— Task description —
The answer is to be the data that follows, transcribed exactly, minus its pictures.

— Information provided —
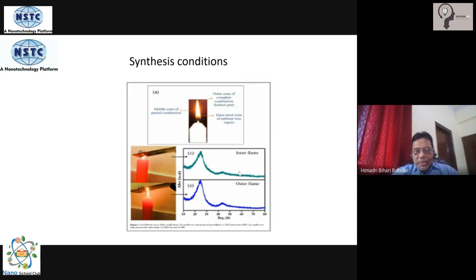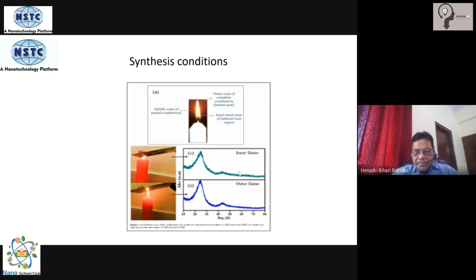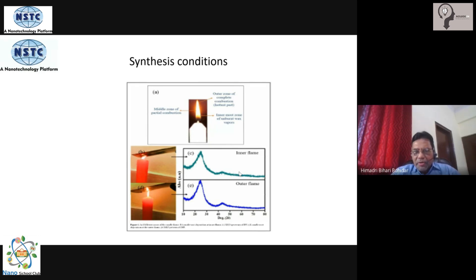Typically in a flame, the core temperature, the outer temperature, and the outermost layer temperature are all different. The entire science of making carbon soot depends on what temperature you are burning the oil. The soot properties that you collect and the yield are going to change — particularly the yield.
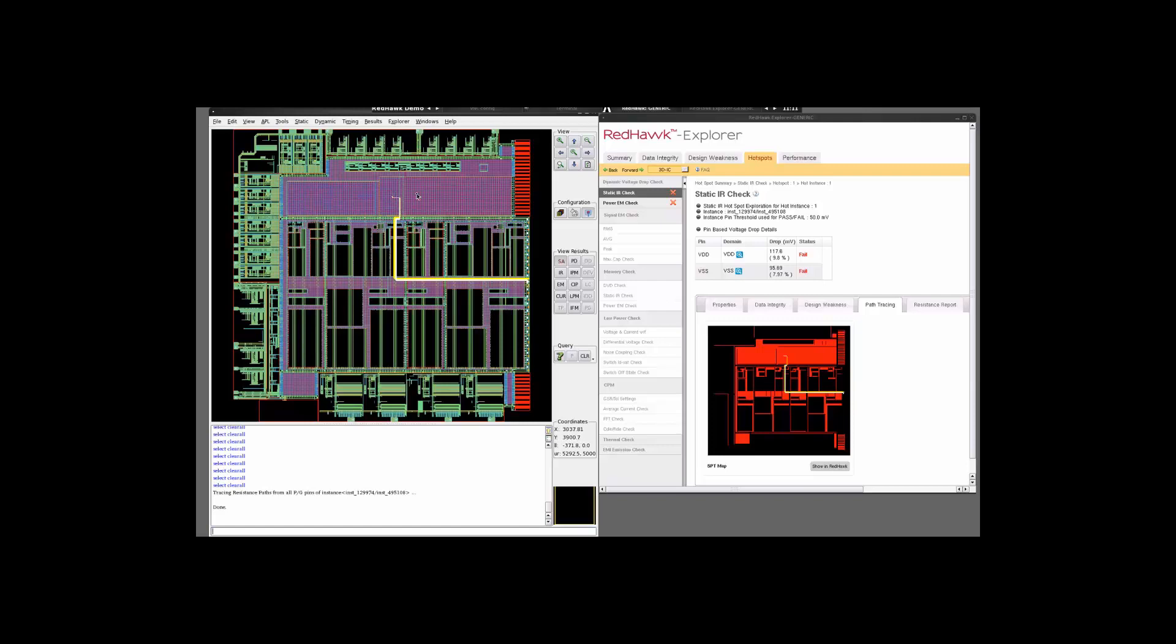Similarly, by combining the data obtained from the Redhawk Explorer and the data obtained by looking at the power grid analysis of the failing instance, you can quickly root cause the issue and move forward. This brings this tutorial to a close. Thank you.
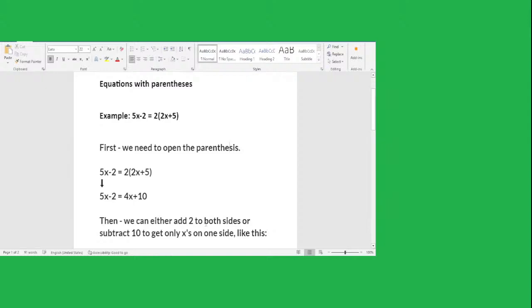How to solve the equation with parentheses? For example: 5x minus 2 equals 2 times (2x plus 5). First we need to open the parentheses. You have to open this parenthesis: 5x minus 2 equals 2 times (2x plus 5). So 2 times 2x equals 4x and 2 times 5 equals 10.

— The answer —
Typically in a flame, the core temperature, the outer temperature, and the outermost layer temperature are all different. The entire science of making carbon soot depends on what temperature you are burning the oil. The soot properties that you collect and the yield are going to change — particularly the yield.
Similarly, by combining the data obtained from the Redhawk Explorer and the data obtained by looking at the power grid analysis of the failing instance, you can quickly root cause the issue and move forward. This brings this tutorial to a close. Thank you.
How to solve the equation with parentheses? For example: 5x minus 2 equals 2 times (2x plus 5). First we need to open the parentheses. You have to open this parenthesis: 5x minus 2 equals 2 times (2x plus 5). So 2 times 2x equals 4x and 2 times 5 equals 10.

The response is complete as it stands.